Align Protein Sequences Using HMMER3 Aligner
The aligner tool main page can be found at http://fungene.cme.msu.edu/FunGenePipeline/aligner/form.spr
The FunGene Pipeline uses HMMER3 (http://hmmer.janelia.org) for protein sequence alignments. HMMER3 has a more accurate scoring system than older alignment and search tools such as BLAST with little to no extra computational cost. HMMER3 makes use of profile HMMs or individual models for genes that store information about how conserved each position is and which amino acids are common in that position.
RDP currently maintains models for about twenty genes. Models are built using a set of seed sequences obtained from trusted sources. This initial set of seed sequences is aligned by some other method such as Clustal and then this alignment is fed into HMMER3 to build an initial model. This model is then refined by repeatedly aligning the seed sequences to the HMM model and then rebuilding the model based on the new alignment. This is repeated until the model parameters stop changing and the model is stable
If you want to use the HMMER3 aligner for a gene other than those already in the database you will need a set of confirmed sequences for your gene of interest. Contact RDP at email@example.com to send us your sequences and we will build a model and make it available for use online.
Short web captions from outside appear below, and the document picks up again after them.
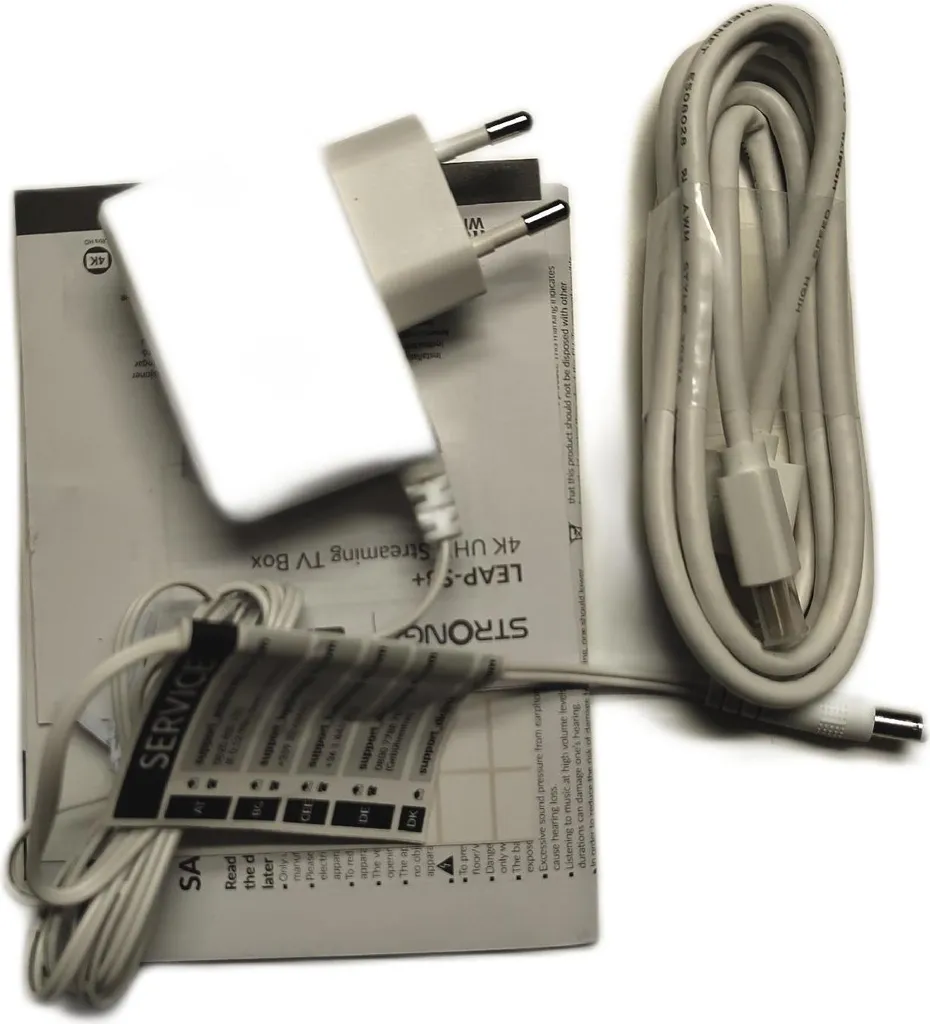 Passerelle multimédia Strong Leap-S3+ et boîtier décodeur IPTV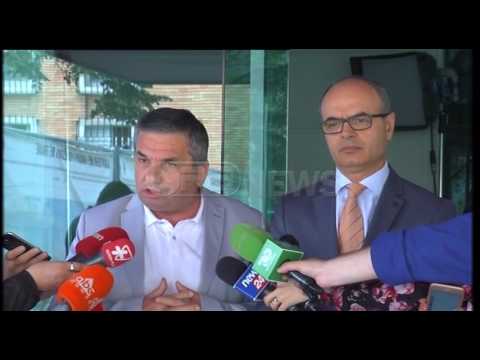 Ora News - Zgjedhjet 2017 - Përçahet e majta, 23 parti tërhiqen nga gara, refuzon Gjinushi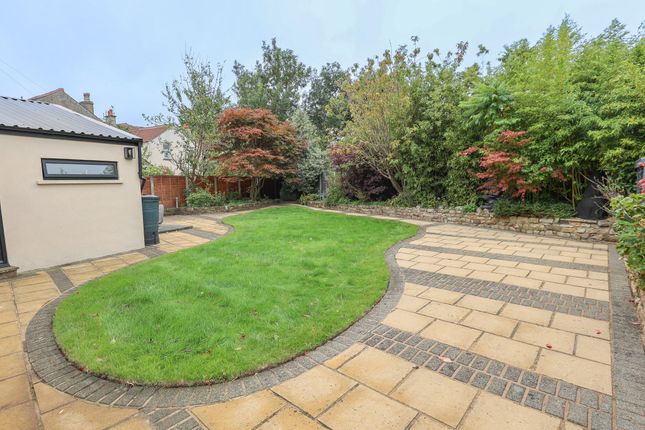 4 Burlington Avenue, Morecambe photo 2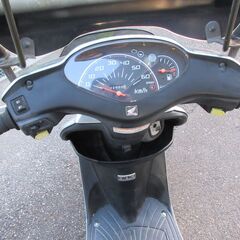 ディオ6　DIO　エンジンオイル新品　シルバー　4スト　原付バイクの画像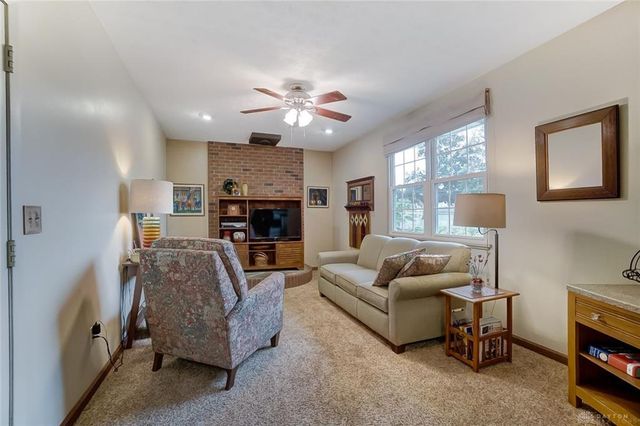 478 Robin Hood Lane, Troy, OH 45373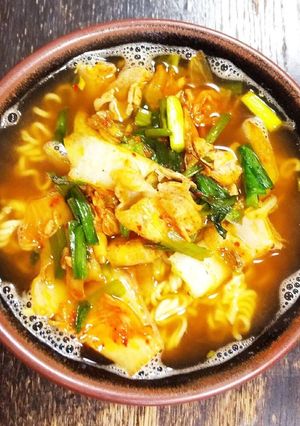 豚キムチのせ『サッポロ一番』みそラーメン-レシピのメイン写真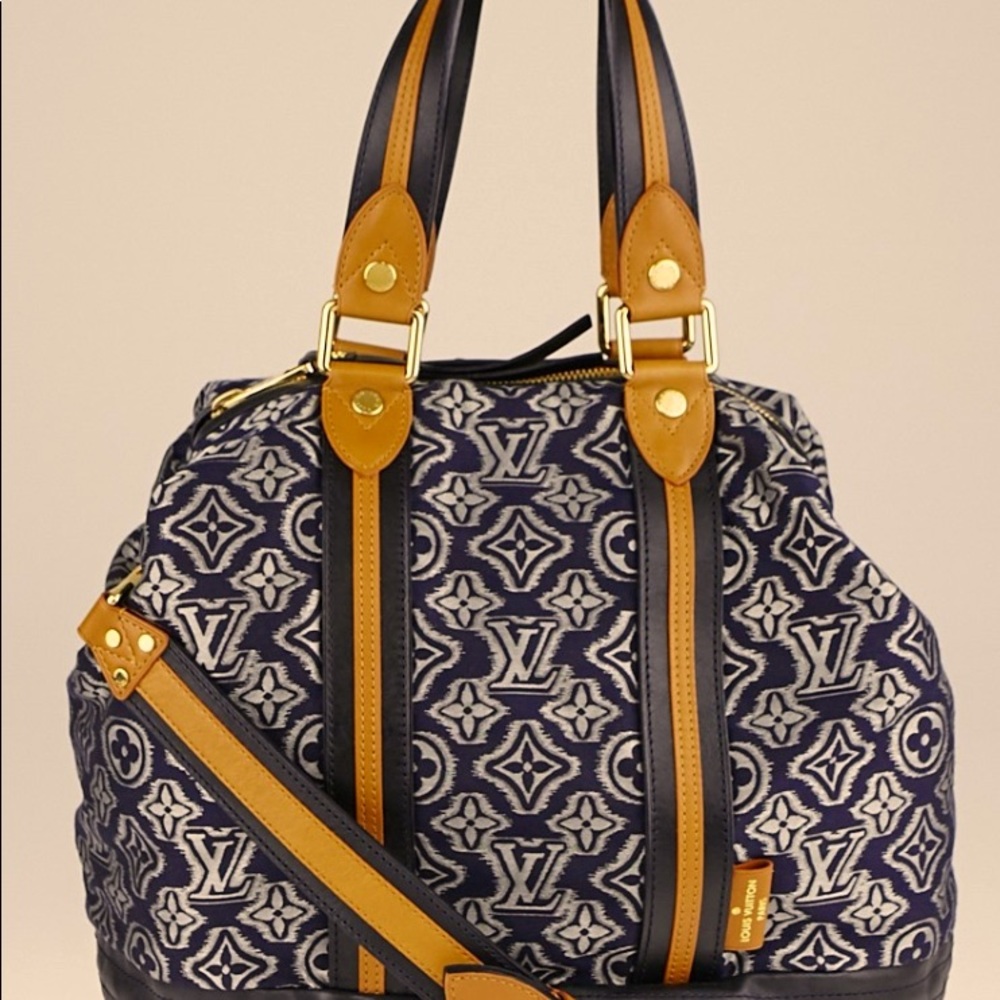 LOUIS VUITTON
Limited Edition Navy Jacquard Monogram Fabric Aviator Bag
If your sequence reads do not cover the complete amplicon or same gene region, or the quality drops at the distal end, you need to trim the reads to cover the identical gene region before continuing downstream analysis (such as clustering). To determine the best trimming position might be difficult, feel free to contact RDP staff for help.
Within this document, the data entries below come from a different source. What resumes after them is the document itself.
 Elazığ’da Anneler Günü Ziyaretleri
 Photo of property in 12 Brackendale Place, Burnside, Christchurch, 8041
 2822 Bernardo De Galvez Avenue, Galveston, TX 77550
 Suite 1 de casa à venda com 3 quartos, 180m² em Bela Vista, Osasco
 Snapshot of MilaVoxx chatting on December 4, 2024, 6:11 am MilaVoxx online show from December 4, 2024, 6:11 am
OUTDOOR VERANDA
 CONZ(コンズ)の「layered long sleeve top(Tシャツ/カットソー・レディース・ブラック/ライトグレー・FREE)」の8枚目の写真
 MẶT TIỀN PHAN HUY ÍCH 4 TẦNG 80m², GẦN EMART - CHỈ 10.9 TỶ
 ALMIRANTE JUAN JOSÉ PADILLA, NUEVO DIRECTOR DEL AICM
To align the sample input files, upload the files and then select "nifh" from the gene name drop down box and click Align. An email will be sent to the email address you provide when the process finishes. You can either let the result to be automatically downloaded from your browser, or follow the link in the email.
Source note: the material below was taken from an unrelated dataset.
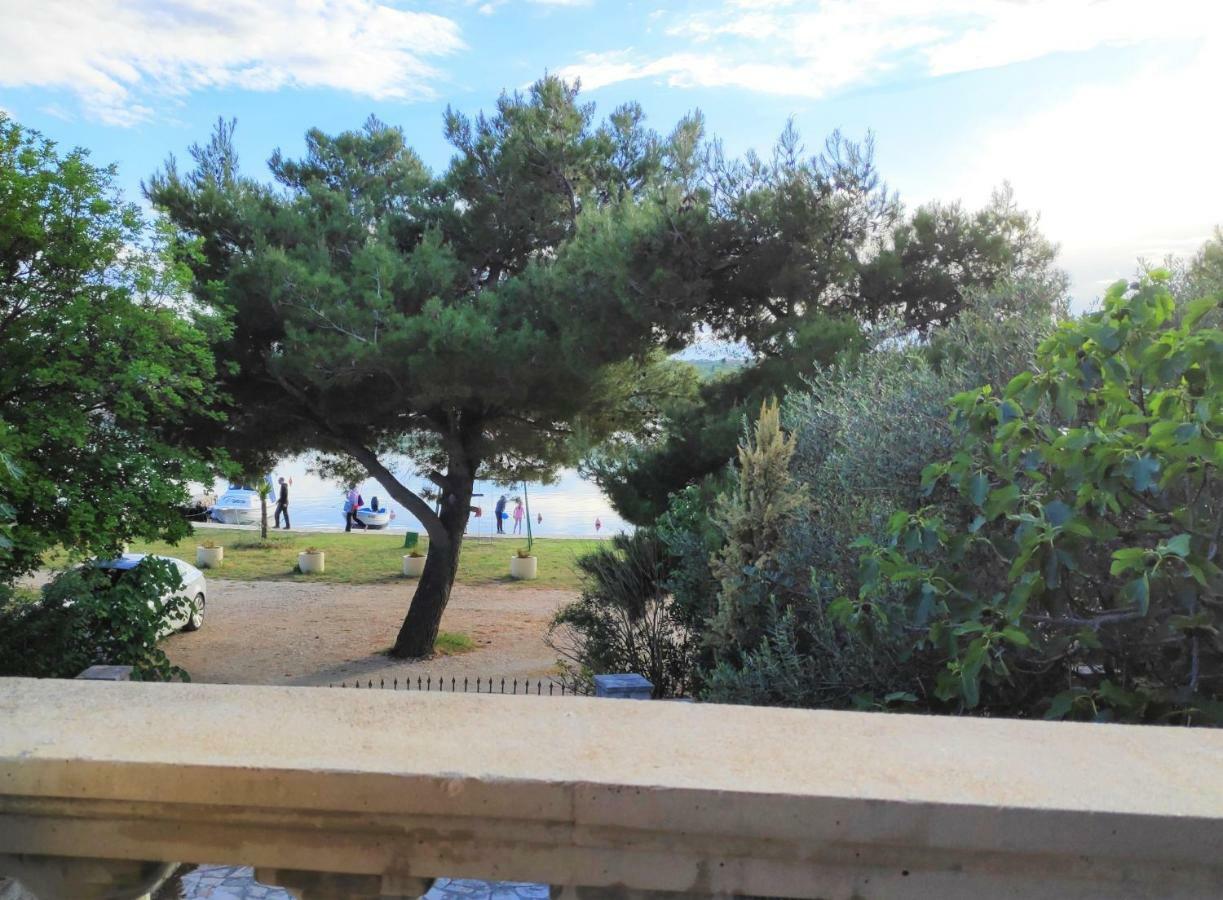 Villa Punta Blava - Beach Front, Ideal For Family Vacation With Kids, Large Terraces With Sea View, Internet, Netflix, No Pets Allowed 奥布罗瓦茨 外观 照片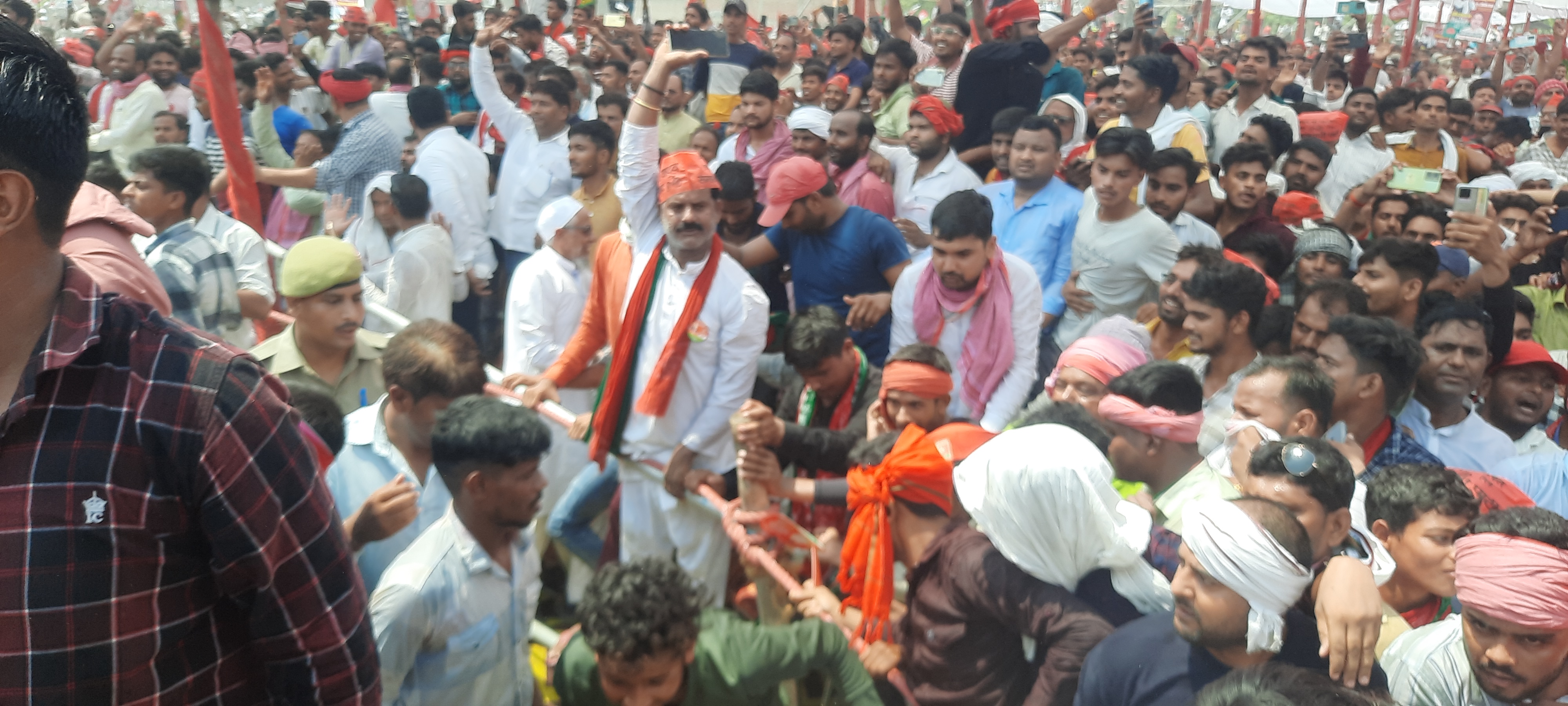 AKHILESH YADAV MEETING IN AZAMGARH  AKHILESH PUBLIC MEETING CONFLICT  അഖിലേഷ് യാദവ് പൊതുയോഗം കല്ലേറ്  അഖിലേഷ് യാദവ് സമാജ്‌വാദി പാര്‍ട്ടി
When sequences are submitted to the aligner they are first dereplicated. The dereplication creates three files which are seen in the top of the results directory. (all_seqs_derep.fasta, all_seqs.ids and all_seqs.samples). The sample and id file are used for mapping the dereplicated sequences to the original sequences when expanding the sequences after alignment. The results folder contains a folder called "alignment" that contains a dereplicated and aligned sequence only.
Finally, the expanded_mappings folder contains all of the sequences in the aligned (*_prot_corr.fasta).